El concepto de ciudadanía y la idea del pluralismo son dos caras del mismo fenómeno. Se trata de dos miradas, la primera situada en un nivel vertical, esto es, desde el punto de vista de la estructura del poder, es decir, frente al sujeto Estado; y la segunda, situada a un nivel horizontal entre los demás sujetos sociales individuales o colectivos. Ambos conceptos comparten hoy la misma suerte, son entendidos en sus aspectos formales. El primero como el conjunto de derechos políticos que permiten el ejercicio del voto principalmente; y el segundo como una mera diferenciación de grupos en orden a sus intereses económicos. Según veo, ocurren dos movimientos inversos con estos dos conceptos dentro del discurso político. Por un lado el concepto de ciudadanía se descompone en la diversidad de sujetos posicionados en el aparato funcional del mercado principalmente, y por otro lado, se desdibujan las diferencias que son una exigencia del pluralismo. Ambos movimientos responden en realidad a uno solo que desactiva el papel de los principios que justifican nuestras prácticas políticas más esenciales. Atomización y homogeneización son consecuencias antidemocráticas de la erosión de la cultura política que padecemos desde el triunfo del neoliberalismo. Todo lo cual pretende ser presentado como la superación de la política. La narrativa neoliberal nos ubica en una sobreentendida historia post-democrática en la que ya no cabe hablar de proyectos políticos de justicia. Sólo interesan ya para esta narrativa el conjunto de intereses de los sujetos atomizados que comparten entre sí su posición en el circuito del mercado.

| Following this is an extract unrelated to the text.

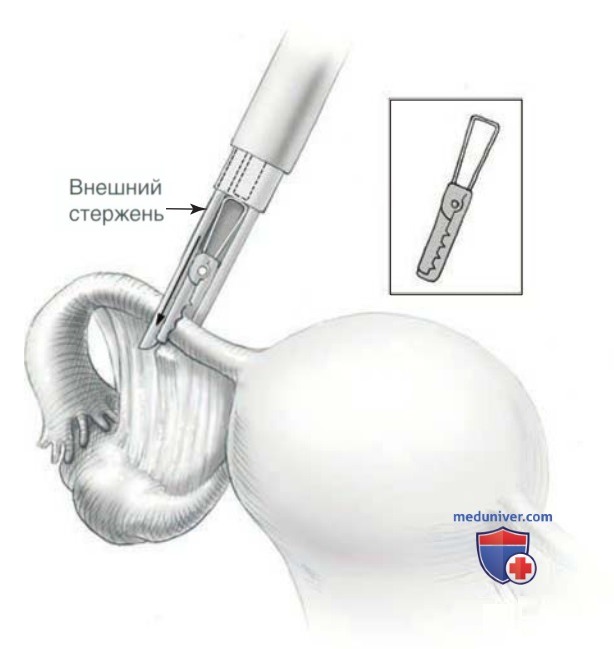 ����������������� ������������ � �������� ���������� ESSURE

Con una ciudadanía reducida a sus aspectos formales, el derecho y la política se convierten en un orden de justificaciones que contribuyen al sostenimiento de los sistemas políticos y económicos en los que ya no participa el sujeto. El ciudadano se convierte en una pieza más en la gran ficción que es la democracia porque está impedido de participar en la constitución de su entorno. En este traspié se encuentran no sólo la derecha política afín a los órdenes económicos, sino también la izquierda que sigue atrapada por una fijación estatista. El activismo de los últimos años ha despertado optimismos, y sin embargo, se mueve en el mismo registro al convertir sus reclamaciones a términos de necesidades y accesos particulares desarticulados de otras exigencias del conjunto social, además dichas necesidades se muestran compatibles con una lógica distributiva que se organiza verticalmente. Con ello parece haber terminado la vida de la reflexión política para hacer lugar a las teorías politológicas y económicas de la política, el mercado y el derecho que nos presentan un equilibrio sistémico entre las diferentes esferas sociales.